As soon as the user has defined their pipelines with associated “Actions”, they just need to specify when and how the deployment process should start.

Buddy enables developers to precisely track all steps of the deployment process in the online dashboard. And when this is done, it sends automatic notifications to team members via email, Slack, etc.

Finally, Buddy scores with seamless integration options for popular cloud services. In addition to GitLab, GitHub, and BitBucket, it includes the leading cloud platforms from Amazon, Google, and Microsoft. One feature that you won’t find in most competing products like DeployBot or CircleCI is the ability to integrate serverless computing services like AWS Lambda, Azure Functions, and Google Cloud Functions into the deployment process.


More flexibility with serverless computing

Serverless computing makes the dream of many backend developers come true. Developing software without having to worry about servers and infrastructure. The highlight: the server layer is completely abstracted. Of course, the code continues to run in the background on a specific application server. But as a developer, they never actually come into contact with it.

With AWS Lambda, Amazon launched the very first serverless computing solution. With Azure Functions and Cloud Functions, Microsoft and Google respectively introduced their own serverless services shortly thereafter.

Serverless computing makes the dream of many backend developers come true. Developing software without having to worry about servers and infrastructure.

Lambda and Co. automatically execute code on a highly available data processing infrastructure. And handle the entire management of data processing resources, including server and operating system maintenance, capacity provisioning, and automatic scaling. As well as the provision of code and security patches.

Developers can conveniently create their functions in a web dashboard. And set them up to be triggered automatically from other cloud services, or from any web, desktop, or mobile app. This makes the provision of complex software systems more flexible. As each serverless function can be updated in isolation, without having to update the rest of the system as well.

Companies that rely on serverless computing can turn to helpful services that make it easier to work with Lambda and Co. For example, Stackery is a comprehensive all-in-one solution for designing, deploying, and operating serverless applications that work on the basis of Lambda. Dashbird is also worth mentioning. It is a professional monitoring tool specially designed for serverless computing. Users can monitor the performance of their serverless environments at any time and to analyze and correct errors and bottlenecks.

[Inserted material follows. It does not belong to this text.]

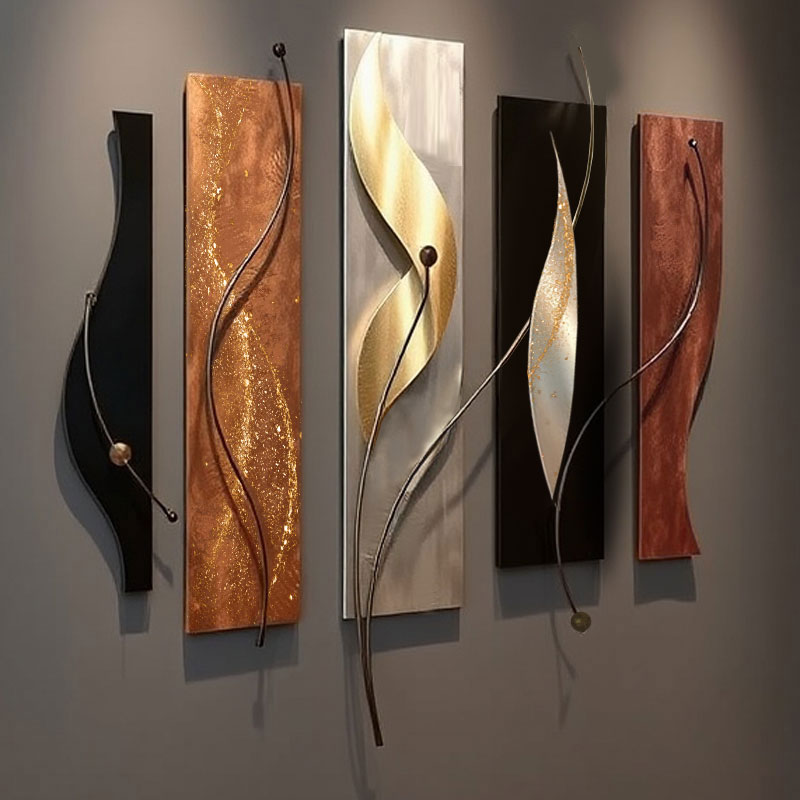 This is a modern, abstract wall art installation consisting of five vertical panels with textured, flowing designs. The panels feature a combination of bronze, black, copper, silver, and gold finishes, with curving metal accents and spherical elements that add depth and dimension. The artwork creates a dynamic, elegant visual effect suitable for contemporary interior decor, with a mix of shiny and matte surfaces enhancing the overall aesthetic.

Why are deployment tools a must?

If you want to assert yourself in today’s highly competitive software market, you must be, above all, one thing: fast. You need to fix bugs quickly, launch new features quickly, and react to market changes quickly. If the most successful software startups, think of Stripe, Intercom, Asana, Twilio, or Zoom, for example, have one thing in common, then it’s a tremendous pace of innovation. Weekly and even daily updates have long become standard in this high-end area.

Such release cycles are only possible if you rely on modern, flexible cloud hosting technologies. And the right software tools to automate build, test, and deployment processes. Automating software deployments is now much easier than many people think. This is demonstrated by the many products that we have presented in this post. With their powerful but at the same time simple tools, and a well thought out user experience. Not only the big unicorns can benefit from this. But also startups and SMBs, which until now have mostly provided their software manually.


Why do I need to use deployment tools?

Continuous release cycles are only possible if you rely on modern, flexible cloud hosting technologies and the right software tools to automate build, test, and deployment processes.

What kinds of companies need deployment tools?

The powerful yet simple deployment tools are aimed at any kind of companies, from big unicorns to startups and SMBs.